As one of the authors of the Care Act I believe it offers an opportunity for the reinvention or rebranding of residential care that this report calls for. By placing the promotion of individual wellbeing at the heart of the care system it challenges regulators, commissioners and providers alike to look afresh at what they are doing.

However, chronic underfunding of social care is undermining the best endeavours of those who would reform and reinvent residential care.

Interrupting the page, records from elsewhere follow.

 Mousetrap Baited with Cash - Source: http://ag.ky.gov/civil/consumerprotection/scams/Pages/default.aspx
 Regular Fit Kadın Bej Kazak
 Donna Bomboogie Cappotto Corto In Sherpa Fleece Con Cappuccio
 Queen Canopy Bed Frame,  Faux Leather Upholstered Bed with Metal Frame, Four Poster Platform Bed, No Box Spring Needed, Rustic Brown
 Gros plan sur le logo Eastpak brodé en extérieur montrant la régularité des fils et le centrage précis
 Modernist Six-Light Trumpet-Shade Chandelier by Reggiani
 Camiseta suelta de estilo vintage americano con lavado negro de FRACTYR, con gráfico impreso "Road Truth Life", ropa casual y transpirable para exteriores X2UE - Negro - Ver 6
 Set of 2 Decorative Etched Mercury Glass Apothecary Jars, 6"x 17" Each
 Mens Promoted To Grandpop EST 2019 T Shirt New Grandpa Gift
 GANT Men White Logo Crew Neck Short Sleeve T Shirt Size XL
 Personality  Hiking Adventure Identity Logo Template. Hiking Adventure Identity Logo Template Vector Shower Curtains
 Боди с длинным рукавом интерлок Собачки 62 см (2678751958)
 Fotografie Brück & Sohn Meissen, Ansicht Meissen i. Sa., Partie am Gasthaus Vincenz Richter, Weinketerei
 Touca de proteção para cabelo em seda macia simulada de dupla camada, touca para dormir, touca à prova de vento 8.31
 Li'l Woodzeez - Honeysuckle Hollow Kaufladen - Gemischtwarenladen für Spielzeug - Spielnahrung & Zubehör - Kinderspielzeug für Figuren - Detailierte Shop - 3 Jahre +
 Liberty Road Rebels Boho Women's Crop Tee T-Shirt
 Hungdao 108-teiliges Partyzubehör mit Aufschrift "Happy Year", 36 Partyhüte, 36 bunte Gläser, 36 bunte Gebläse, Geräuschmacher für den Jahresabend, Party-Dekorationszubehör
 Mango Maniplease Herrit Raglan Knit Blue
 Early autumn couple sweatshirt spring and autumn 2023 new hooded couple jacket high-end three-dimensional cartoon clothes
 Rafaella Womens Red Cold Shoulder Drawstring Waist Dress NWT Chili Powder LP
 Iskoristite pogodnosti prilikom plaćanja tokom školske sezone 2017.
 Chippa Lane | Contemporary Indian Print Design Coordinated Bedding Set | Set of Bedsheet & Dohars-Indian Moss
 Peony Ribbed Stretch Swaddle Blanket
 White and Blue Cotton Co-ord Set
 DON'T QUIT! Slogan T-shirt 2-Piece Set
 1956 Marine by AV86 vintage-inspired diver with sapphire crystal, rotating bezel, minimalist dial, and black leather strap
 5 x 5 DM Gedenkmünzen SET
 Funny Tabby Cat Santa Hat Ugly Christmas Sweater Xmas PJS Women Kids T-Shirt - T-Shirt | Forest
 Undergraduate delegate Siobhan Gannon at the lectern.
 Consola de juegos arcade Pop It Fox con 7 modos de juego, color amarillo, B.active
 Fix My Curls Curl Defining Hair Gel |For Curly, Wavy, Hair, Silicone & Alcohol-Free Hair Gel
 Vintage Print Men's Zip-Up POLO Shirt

Without a fair funding settlement for social care the trend towards a two-tier system of residential care will accelerate, with those who cannot afford the cost of care condemned to a mediocre, life-limiting experience in the poorest quality homes, staffed by the lowest paid, least qualified staff.

Westminster, Whitehall and town hall leaders can create the conditions for a better kind of residential care, which starts by recognising the importance we attach to home and social connectedness. It involves breaking the false link between the ‘what’ of care and ‘where’ we live. Breaking this arbitrary link will enable much more innovation and greater transparency and clarity between the costs of care, accommodation and services.

Such a change would end anomalies in the way care is commissioned, regulated and inspected depending on where the care is provided. It challenges the idea that a frail or disabled person should have less security of tenure simply because of where they live. Much can be achieved with the existing stock of residential care to realise this vision. As this report demonstrates, technology is opening up many new possibilities to make better use of existing bricks and mortar and deliver great care.

Whether it is in new or old bricks and mortar the workforce is critical to delivering the Commission’s vision. Too often working in care is seen as a ‘job’ that is temporary and low skilled. There is little career progression; society attaches a low value and low pay to the work, unlike the value it attaches to those working in the NHS.

We are under no illusions about the difficulties of moving away from a low wage to a living-wage sector, but we believe that government, local and national, cannot stand by and do nothing. I want to thank Claudia Wood and Jo Salter from Demos, and Natasha Kutchinsky from my office. This report would not have been possible without them. Above all I want to thank my fellow Commissioners for their time and commitment to this project.

We share a common belief that great care can liberate people, enabling them to maintain, even regain, their sense of worth, purpose and connection. Housing with care can offer a life and laughter, fun and friendship.

Much has been said and written about residential care, but less has been done. Through this report, therefore, we have sought to create a powerful case for change and an action plan to deliver it – identifying what needs to be done and who needs to be responsible for these actions. Our aim is to inspire a joint effort. I am confident that, with this effort, housing with care can claim its rightful place in a twenty-first-century care system.